▶ _Data under study_:
------------------------

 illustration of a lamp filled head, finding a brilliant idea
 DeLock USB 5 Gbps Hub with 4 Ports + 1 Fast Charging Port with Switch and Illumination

------------------------

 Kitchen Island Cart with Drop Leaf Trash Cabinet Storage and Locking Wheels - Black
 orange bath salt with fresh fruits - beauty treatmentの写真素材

------------------------

▶ _What you are asked to do_: Scan the records for the word "with" and copy every line where it is found.

▶ _Written solution_:
 DeLock USB 5 Gbps Hub with 4 Ports + 1 Fast Charging Port with Switch and Illumination
 Kitchen Island Cart with Drop Leaf Trash Cabinet Storage and Locking Wheels - Black
 orange bath salt with fresh fruits - beauty treatmentの写真素材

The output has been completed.